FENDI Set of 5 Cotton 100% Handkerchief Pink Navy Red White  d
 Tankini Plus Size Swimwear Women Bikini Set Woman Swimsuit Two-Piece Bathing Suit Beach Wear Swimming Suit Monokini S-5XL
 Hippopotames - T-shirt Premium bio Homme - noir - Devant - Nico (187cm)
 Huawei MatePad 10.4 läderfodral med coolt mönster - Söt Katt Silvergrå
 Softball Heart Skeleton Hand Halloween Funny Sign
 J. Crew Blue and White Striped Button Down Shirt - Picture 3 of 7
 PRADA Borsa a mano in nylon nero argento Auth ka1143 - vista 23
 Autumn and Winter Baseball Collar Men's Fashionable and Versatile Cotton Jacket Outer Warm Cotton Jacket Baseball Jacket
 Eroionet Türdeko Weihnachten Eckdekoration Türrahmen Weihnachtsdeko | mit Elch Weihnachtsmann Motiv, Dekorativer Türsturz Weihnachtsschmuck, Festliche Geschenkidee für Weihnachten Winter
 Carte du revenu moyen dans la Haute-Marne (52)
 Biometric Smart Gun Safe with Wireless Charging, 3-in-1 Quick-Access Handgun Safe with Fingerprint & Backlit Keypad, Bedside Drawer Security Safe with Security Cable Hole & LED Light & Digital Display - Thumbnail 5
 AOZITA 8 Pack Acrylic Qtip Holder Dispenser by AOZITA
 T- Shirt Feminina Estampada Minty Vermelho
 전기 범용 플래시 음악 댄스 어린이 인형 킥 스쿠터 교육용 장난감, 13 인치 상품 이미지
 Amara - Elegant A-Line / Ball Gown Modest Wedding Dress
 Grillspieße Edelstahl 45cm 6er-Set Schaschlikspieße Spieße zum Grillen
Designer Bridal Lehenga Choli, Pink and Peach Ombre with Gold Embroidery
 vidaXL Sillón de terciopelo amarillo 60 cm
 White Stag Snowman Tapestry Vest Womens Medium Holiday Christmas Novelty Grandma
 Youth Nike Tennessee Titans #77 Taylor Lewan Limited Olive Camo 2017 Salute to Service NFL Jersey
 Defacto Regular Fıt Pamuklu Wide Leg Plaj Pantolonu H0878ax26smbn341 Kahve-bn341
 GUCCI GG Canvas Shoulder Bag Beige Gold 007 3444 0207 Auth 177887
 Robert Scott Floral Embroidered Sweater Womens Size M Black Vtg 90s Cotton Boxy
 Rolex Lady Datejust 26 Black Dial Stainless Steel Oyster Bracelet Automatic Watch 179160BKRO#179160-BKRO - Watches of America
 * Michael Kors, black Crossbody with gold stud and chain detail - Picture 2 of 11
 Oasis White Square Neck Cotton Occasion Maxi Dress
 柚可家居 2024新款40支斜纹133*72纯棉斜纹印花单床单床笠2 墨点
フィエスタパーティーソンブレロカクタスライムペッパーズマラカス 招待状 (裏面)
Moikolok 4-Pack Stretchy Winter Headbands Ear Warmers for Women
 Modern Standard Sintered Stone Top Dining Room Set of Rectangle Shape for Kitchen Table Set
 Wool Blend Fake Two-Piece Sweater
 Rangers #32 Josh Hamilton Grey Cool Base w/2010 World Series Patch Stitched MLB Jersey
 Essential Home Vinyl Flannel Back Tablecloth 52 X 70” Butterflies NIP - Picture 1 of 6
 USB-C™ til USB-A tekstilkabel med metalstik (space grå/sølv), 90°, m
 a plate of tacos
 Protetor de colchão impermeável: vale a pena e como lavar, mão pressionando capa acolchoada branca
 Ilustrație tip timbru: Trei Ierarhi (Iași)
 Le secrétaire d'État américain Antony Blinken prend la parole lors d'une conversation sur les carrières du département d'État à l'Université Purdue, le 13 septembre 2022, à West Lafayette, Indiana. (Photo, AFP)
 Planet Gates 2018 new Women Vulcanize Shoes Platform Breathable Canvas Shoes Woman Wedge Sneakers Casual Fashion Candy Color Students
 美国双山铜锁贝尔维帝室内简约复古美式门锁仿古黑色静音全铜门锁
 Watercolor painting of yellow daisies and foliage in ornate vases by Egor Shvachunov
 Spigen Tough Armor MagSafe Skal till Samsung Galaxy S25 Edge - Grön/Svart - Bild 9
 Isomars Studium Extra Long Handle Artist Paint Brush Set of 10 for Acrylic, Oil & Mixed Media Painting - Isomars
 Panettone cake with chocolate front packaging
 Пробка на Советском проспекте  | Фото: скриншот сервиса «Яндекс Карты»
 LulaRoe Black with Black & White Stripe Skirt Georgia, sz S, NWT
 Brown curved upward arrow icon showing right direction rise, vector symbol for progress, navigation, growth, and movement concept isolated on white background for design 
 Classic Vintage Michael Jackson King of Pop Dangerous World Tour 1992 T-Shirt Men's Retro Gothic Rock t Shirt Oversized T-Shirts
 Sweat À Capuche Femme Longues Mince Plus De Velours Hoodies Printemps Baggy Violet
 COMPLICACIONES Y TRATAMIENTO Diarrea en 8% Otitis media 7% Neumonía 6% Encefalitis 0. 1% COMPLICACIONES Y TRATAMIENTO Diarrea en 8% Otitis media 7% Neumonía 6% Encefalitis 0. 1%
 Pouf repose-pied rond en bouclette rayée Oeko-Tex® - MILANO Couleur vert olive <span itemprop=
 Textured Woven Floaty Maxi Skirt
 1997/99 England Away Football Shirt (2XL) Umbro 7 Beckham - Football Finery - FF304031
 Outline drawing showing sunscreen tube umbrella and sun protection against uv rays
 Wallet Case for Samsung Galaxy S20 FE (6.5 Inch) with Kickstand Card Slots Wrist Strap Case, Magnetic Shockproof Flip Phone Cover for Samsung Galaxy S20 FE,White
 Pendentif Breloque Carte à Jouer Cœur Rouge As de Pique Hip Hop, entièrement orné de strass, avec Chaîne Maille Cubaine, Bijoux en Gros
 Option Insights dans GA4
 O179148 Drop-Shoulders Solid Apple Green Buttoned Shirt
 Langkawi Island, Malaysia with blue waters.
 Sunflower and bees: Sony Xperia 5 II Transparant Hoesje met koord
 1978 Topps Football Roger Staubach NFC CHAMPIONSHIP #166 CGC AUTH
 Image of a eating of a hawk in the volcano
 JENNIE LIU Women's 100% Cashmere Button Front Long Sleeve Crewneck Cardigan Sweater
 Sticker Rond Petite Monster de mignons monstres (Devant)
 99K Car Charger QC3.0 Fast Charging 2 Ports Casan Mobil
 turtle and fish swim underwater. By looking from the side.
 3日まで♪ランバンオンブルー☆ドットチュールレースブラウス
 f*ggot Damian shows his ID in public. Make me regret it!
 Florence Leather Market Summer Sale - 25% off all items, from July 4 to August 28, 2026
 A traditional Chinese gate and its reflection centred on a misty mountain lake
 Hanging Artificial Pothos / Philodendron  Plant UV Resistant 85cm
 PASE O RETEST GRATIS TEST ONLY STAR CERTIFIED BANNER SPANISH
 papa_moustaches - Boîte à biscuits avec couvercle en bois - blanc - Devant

§ §

### Task objective
Return exactly the lines above from the line that has "Rangers #32 Josh" through the line that has "Sweat À Capuche", inclusive, and nothing else.

### Result for this exercise
 Rangers #32 Josh Hamilton Grey Cool Base w/2010 World Series Patch Stitched MLB Jersey
 Essential Home Vinyl Flannel Back Tablecloth 52 X 70” Butterflies NIP - Picture 1 of 6
 USB-C™ til USB-A tekstilkabel med metalstik (space grå/sølv), 90°, m
 a plate of tacos
 Protetor de colchão impermeável: vale a pena e como lavar, mão pressionando capa acolchoada branca
 Ilustrație tip timbru: Trei Ierarhi (Iași)
 Le secrétaire d'État américain Antony Blinken prend la parole lors d'une conversation sur les carrières du département d'État à l'Université Purdue, le 13 septembre 2022, à West Lafayette, Indiana. (Photo, AFP)
 Planet Gates 2018 new Women Vulcanize Shoes Platform Breathable Canvas Shoes Woman Wedge Sneakers Casual Fashion Candy Color Students
 美国双山铜锁贝尔维帝室内简约复古美式门锁仿古黑色静音全铜门锁
 Watercolor painting of yellow daisies and foliage in ornate vases by Egor Shvachunov
 Spigen Tough Armor MagSafe Skal till Samsung Galaxy S25 Edge - Grön/Svart - Bild 9
 Isomars Studium Extra Long Handle Artist Paint Brush Set of 10 for Acrylic, Oil & Mixed Media Painting - Isomars
 Panettone cake with chocolate front packaging
 Пробка на Советском проспекте  | Фото: скриншот сервиса «Яндекс Карты»
 LulaRoe Black with Black & White Stripe Skirt Georgia, sz S, NWT
 Brown curved upward arrow icon showing right direction rise, vector symbol for progress, navigation, growth, and movement concept isolated on white background for design 
 Classic Vintage Michael Jackson King of Pop Dangerous World Tour 1992 T-Shirt Men's Retro Gothic Rock t Shirt Oversized T-Shirts
 Sweat À Capuche Femme Longues Mince Plus De Velours Hoodies Printemps Baggy Violet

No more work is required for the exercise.